COLUMBUS, Ohio (AP) - The governor has agreed to a rare meeting with the family of a murder victim whose morbidly obese killer he spared from execution.

The meeting follows Gov. John Kasich's decision in December to grant clemency to Ronald Post on the grounds that he had poor legal representation. Kasich said at the time that all criminal defendants deserve adequate defenses.

"This decision should not be viewed by anyone as a diminishing of this awful crime or the pain it has caused," Kasich added in a statement.

Kasich's decision was unrelated to Post's better-known argument: that at 450 pounds he was too fat to be executed humanely in the 1983 shooting death of Elyria motel clerk Helen Vantz during a robbery.

The Morning Journal of Lorain reported Friday that Vantz's oldest son, Michael Vantz, hopes to meet with Kasich next month.

Kasich spokesman Rob Nichols said he was unaware of a similar meeting in the past.

The family proposes "a non-hostile, non-threatening venue of your choice," for a meeting, according to a Dec. 28 letter to Kasich from Michael Vantz that was provided Friday to The Associated Press.

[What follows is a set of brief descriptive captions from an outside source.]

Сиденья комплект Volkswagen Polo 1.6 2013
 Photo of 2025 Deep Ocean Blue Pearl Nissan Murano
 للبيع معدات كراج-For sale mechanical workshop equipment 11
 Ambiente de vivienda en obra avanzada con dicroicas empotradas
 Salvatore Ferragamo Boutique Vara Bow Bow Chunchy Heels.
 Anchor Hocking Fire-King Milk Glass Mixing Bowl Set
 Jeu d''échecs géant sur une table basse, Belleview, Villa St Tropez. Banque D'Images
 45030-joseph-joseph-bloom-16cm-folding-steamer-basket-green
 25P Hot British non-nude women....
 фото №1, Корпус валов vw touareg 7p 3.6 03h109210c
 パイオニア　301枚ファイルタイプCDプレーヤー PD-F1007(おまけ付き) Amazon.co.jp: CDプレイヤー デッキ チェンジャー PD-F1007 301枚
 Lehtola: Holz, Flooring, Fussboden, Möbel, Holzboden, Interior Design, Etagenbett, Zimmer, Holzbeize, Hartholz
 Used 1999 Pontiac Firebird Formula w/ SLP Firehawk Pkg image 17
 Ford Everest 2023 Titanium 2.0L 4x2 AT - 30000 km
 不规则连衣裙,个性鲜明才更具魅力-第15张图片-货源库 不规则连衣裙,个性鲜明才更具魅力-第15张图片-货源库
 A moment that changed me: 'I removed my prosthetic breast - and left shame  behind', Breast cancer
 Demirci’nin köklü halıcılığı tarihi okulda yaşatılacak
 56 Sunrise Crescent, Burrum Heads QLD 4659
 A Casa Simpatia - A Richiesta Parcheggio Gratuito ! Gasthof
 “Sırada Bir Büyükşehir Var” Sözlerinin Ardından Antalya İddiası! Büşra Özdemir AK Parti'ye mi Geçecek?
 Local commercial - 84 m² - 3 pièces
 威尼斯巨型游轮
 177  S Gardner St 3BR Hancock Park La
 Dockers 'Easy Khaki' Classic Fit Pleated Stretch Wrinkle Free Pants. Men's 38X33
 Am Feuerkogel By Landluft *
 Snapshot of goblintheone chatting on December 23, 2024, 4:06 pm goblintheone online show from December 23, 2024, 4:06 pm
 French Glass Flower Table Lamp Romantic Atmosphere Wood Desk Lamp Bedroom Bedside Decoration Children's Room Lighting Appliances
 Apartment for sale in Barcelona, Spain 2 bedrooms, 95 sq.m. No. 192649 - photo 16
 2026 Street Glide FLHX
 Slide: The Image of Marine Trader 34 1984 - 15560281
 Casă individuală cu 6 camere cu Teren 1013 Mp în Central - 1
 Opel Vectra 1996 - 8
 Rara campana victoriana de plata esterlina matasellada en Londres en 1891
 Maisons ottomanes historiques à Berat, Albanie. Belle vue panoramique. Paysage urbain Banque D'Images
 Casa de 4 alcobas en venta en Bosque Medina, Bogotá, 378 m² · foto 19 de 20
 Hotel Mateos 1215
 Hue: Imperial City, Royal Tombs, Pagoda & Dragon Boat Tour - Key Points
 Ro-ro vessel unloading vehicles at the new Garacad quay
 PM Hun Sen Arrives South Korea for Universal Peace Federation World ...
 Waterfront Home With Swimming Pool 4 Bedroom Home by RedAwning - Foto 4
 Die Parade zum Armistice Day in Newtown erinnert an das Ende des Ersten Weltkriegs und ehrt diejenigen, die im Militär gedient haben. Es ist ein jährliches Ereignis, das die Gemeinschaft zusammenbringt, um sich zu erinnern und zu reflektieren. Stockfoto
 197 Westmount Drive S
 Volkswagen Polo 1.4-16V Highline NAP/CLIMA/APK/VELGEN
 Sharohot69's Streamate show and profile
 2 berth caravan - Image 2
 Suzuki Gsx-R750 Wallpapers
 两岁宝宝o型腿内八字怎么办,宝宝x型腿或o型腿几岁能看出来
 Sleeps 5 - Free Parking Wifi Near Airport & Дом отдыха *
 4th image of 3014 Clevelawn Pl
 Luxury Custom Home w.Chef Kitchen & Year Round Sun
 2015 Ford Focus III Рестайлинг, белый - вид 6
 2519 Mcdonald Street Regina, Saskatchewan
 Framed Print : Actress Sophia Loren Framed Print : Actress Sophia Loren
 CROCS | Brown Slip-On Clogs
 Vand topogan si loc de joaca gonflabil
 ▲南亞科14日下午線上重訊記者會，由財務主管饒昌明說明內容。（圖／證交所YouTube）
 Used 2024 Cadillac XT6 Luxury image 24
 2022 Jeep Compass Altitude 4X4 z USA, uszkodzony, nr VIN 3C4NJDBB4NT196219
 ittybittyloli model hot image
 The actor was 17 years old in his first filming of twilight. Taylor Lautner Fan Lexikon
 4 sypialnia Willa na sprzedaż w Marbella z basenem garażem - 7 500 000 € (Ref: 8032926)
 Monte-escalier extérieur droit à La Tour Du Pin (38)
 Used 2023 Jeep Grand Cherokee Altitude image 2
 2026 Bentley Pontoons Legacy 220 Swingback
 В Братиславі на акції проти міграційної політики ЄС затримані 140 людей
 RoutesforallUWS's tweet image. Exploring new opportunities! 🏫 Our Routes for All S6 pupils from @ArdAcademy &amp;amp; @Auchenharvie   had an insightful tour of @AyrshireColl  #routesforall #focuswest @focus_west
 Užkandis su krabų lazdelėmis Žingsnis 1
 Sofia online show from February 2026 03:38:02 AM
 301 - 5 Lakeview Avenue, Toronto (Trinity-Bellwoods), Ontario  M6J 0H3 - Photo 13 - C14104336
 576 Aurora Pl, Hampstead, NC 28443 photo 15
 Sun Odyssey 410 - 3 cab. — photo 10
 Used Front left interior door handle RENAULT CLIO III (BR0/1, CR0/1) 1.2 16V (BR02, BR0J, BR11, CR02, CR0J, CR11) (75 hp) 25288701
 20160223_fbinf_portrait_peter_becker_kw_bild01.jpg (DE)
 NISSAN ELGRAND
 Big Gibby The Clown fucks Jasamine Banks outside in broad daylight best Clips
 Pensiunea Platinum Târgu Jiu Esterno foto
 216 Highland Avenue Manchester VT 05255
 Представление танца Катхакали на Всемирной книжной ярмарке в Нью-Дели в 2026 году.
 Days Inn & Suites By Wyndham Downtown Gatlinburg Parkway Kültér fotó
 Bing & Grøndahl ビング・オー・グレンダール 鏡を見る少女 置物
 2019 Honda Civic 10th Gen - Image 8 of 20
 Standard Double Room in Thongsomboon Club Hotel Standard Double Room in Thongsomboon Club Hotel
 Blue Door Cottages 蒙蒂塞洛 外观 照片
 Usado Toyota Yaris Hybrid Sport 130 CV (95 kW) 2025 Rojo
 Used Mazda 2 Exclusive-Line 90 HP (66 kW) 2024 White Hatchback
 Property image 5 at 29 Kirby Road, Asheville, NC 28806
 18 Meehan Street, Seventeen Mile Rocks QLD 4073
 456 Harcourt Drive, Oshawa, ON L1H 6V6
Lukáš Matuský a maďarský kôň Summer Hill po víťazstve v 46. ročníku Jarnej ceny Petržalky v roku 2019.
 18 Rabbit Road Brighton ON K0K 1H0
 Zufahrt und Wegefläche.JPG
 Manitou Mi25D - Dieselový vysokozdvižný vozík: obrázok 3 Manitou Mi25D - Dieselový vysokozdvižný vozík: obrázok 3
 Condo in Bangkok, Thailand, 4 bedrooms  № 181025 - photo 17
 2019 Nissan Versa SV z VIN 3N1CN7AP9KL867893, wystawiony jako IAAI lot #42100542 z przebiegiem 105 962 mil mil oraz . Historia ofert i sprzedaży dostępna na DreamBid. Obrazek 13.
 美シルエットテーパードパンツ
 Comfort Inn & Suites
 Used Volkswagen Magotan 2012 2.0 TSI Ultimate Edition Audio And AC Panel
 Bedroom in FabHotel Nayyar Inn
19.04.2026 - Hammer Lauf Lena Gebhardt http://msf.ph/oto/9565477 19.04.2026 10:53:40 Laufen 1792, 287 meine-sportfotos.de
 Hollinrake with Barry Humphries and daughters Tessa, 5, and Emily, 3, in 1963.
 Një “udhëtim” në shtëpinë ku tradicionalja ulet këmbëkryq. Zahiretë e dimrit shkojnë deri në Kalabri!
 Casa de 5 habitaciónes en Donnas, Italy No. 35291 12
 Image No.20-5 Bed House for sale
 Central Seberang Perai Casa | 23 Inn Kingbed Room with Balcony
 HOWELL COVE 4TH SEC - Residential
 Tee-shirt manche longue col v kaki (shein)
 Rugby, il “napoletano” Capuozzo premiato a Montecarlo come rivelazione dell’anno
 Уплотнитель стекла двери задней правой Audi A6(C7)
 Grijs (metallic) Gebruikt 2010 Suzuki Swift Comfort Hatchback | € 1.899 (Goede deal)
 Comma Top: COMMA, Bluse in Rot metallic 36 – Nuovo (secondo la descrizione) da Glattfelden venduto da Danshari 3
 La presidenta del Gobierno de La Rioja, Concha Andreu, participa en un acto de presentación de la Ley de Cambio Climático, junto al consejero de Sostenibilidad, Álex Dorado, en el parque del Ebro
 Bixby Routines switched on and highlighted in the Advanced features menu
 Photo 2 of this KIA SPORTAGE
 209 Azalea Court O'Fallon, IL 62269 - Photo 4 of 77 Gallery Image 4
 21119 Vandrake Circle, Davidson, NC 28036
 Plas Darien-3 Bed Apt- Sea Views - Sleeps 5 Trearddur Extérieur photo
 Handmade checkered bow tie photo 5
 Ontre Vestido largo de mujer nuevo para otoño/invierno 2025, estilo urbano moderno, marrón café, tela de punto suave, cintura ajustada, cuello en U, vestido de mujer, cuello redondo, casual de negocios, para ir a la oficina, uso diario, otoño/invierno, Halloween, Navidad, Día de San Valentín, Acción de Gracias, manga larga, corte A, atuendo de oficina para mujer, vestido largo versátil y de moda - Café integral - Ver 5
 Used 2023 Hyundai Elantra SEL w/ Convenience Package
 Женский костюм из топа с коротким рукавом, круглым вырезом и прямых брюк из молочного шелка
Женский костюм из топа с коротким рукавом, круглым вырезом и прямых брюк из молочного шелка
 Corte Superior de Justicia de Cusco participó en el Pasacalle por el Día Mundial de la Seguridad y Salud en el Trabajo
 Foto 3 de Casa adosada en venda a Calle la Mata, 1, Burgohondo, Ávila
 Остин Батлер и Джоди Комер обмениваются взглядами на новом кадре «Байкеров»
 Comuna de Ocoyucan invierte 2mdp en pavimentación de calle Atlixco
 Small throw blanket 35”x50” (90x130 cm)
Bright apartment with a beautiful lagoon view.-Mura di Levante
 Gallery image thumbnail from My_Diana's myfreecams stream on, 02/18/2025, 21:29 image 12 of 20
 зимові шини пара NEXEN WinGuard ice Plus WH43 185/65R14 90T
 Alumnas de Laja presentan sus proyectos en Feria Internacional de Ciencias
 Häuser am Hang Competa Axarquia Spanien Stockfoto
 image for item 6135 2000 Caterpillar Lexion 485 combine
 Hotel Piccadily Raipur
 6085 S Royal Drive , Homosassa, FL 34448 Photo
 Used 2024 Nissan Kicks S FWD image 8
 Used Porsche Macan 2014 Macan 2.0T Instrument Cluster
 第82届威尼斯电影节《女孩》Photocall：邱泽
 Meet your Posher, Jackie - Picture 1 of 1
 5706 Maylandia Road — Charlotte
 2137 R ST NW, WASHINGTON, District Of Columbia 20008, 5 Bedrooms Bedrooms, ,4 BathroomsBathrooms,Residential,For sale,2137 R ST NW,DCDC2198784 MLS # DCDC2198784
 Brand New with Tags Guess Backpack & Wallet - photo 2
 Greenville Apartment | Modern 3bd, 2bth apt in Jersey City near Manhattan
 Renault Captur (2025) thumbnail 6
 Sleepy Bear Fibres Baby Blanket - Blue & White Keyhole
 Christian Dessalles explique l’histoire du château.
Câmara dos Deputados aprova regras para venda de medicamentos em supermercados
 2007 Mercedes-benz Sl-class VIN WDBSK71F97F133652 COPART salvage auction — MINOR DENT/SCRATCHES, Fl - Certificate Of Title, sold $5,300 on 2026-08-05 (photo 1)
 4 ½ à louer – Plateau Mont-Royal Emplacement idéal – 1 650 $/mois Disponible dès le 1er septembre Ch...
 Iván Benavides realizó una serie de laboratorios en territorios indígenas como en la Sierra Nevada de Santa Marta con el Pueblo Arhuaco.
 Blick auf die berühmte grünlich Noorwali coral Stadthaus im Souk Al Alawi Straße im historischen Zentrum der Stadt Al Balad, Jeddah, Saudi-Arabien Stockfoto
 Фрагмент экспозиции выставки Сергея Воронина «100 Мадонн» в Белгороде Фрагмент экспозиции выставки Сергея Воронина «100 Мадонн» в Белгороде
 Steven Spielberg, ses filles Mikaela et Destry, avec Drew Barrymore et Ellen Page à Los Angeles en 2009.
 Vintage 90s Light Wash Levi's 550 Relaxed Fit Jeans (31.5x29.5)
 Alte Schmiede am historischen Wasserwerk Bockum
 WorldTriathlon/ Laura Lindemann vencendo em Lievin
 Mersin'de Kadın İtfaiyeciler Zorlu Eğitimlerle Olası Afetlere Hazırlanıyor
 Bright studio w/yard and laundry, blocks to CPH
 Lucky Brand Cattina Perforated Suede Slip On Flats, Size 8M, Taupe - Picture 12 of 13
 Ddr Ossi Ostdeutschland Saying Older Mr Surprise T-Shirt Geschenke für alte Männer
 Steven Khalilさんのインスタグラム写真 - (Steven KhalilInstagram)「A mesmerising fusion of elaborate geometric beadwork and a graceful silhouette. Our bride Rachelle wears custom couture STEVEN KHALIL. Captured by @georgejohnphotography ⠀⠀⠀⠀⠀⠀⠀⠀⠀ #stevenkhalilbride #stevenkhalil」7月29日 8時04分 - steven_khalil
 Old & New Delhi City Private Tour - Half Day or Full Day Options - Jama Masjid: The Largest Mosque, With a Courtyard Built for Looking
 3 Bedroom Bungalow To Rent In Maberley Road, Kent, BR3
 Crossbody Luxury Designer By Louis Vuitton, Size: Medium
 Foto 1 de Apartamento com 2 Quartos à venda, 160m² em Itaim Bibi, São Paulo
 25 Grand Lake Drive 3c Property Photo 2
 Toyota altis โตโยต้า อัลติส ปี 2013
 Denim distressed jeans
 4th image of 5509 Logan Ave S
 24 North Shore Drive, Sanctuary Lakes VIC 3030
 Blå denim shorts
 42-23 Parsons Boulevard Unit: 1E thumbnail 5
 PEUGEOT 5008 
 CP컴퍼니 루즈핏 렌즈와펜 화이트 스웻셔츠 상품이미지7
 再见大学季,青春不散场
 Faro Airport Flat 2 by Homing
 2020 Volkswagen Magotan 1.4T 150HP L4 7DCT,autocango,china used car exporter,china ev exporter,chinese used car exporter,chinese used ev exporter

"Lacking the actual, long, long awaited execution, the next best thing for the members of the immediate and extended family of Helen Vantz would be an audience with the powerful individual who deemed that execution to be inappropriate," the letter said. "Only a face-to-face with you would suffice in the absence of the fulfillment of the justice."

Kasich, a Republican, commuted Post's death sentence to life without the possibility of parole, a decision applauded by Post's attorneys.

Kasich also spared killer John Eley in 2012, basing his decision on Eley acting under the direction of another person and what he called Eley's limited mental capacity.

In September 2011, Kasich spared death row inmate Joseph Murphy, citing his horrific childhood. Three months earlier, he had spared double-killer Shawn Hawkins, saying he had no doubt Hawkins was involved in the killings but saying details of his participation were "frustratingly unclear."

It's more common for governors planning clemency to meet with family members of victims before announcing their decisions, said Richard Dieter, executive director of the Washington, D.C.-based Death Penalty Information Center, a group opposed to capital punishment.

In Illinois, former Gov. George Ryan set up a review structure so families could be heard while he considered the general commutation of death row, which he ultimately carried out, Dieter said.

In Missouri, former Gov. Mel Carnahan was criticized for not telling relatives of the victim of Darrell Mease of his intention to spare him. Carnahan commuted Mease's death sentence in 1999 at the urging of Pope John Paul II, who was visiting the U.S. at the time.

Carnahan later apologized for the "human error" in failing to notify the parents of shooting victim Willie Lawrence.